>>>>>

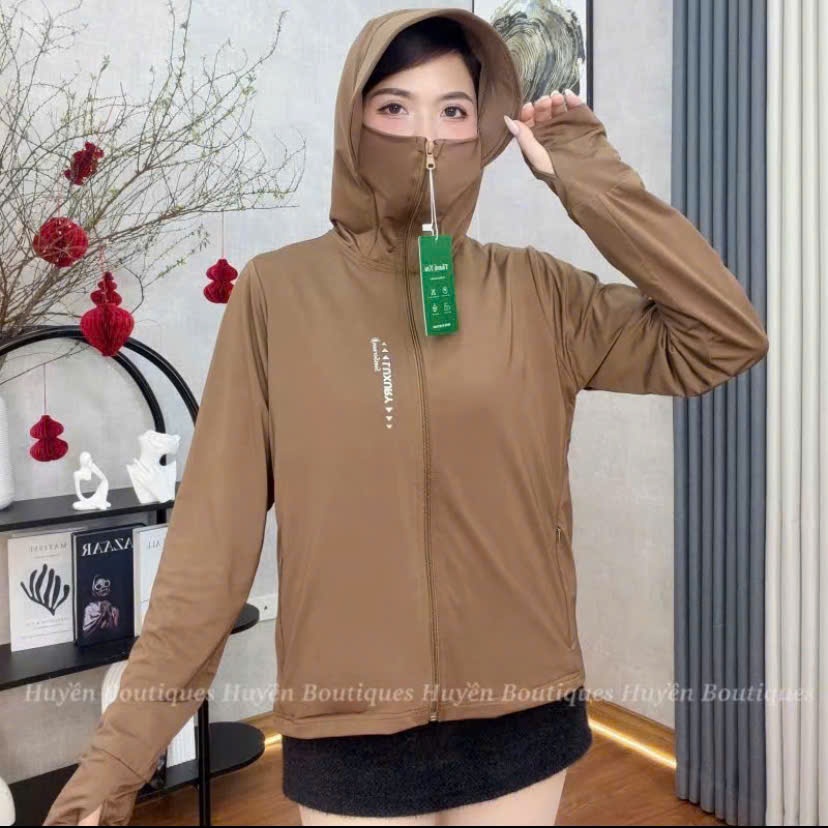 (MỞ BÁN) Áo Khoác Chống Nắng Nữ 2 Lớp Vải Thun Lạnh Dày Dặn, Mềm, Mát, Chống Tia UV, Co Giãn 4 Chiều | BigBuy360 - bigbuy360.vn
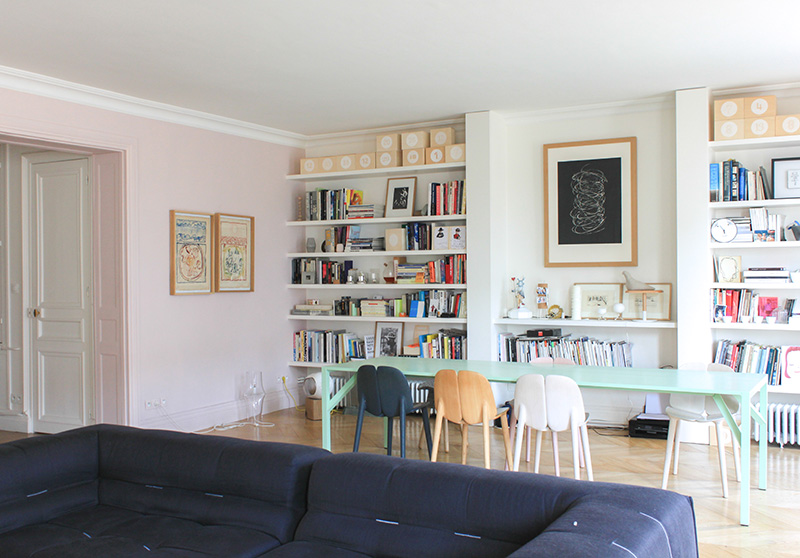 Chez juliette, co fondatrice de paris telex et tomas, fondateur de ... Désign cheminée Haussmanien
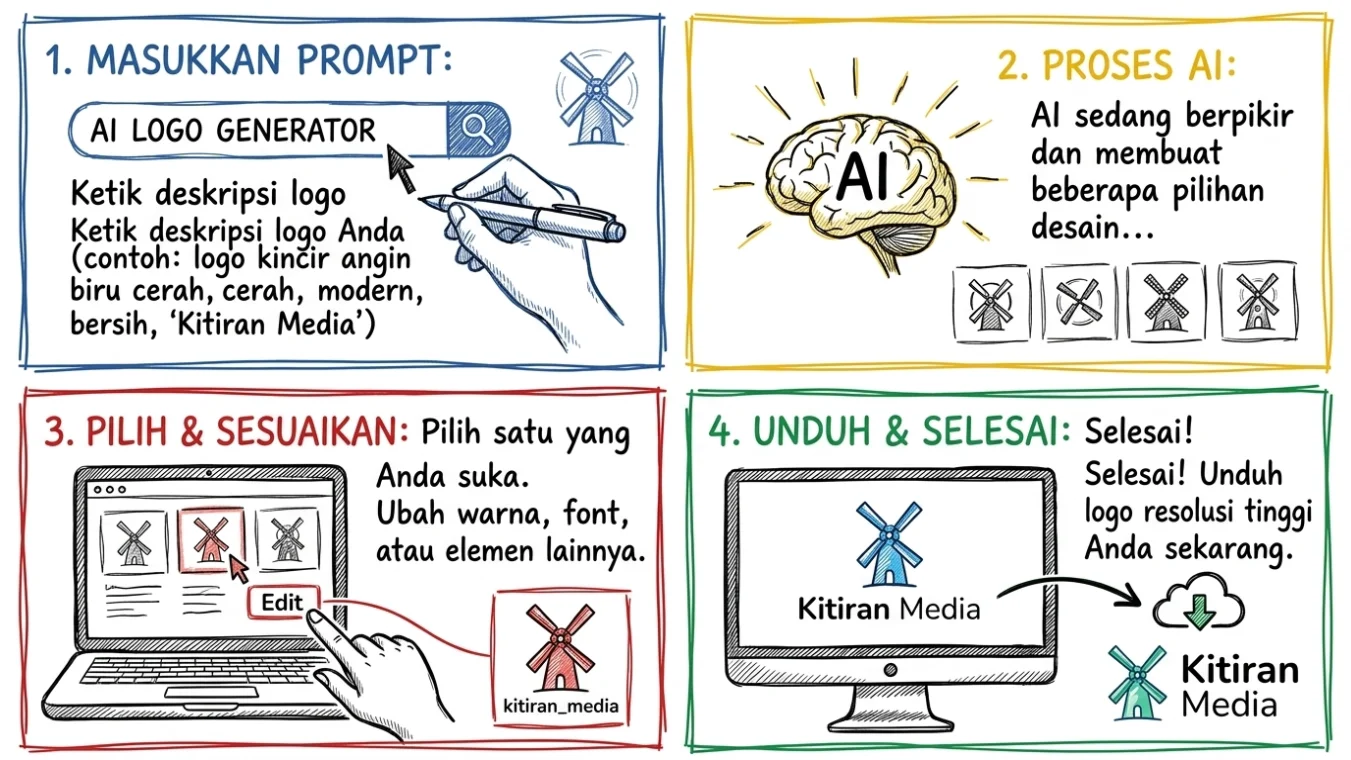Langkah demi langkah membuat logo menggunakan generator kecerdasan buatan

<<<<<

* PROBLEM STATEMENT: Repeat the data above word for word, without pictures.

* WRITTEN SOLUTION:
 (MỞ BÁN) Áo Khoác Chống Nắng Nữ 2 Lớp Vải Thun Lạnh Dày Dặn, Mềm, Mát, Chống Tia UV, Co Giãn 4 Chiều | BigBuy360 - bigbuy360.vn
 Chez juliette, co fondatrice de paris telex et tomas, fondateur de ... Désign cheminée Haussmanien
Langkah demi langkah membuat logo menggunakan generator kecerdasan buatan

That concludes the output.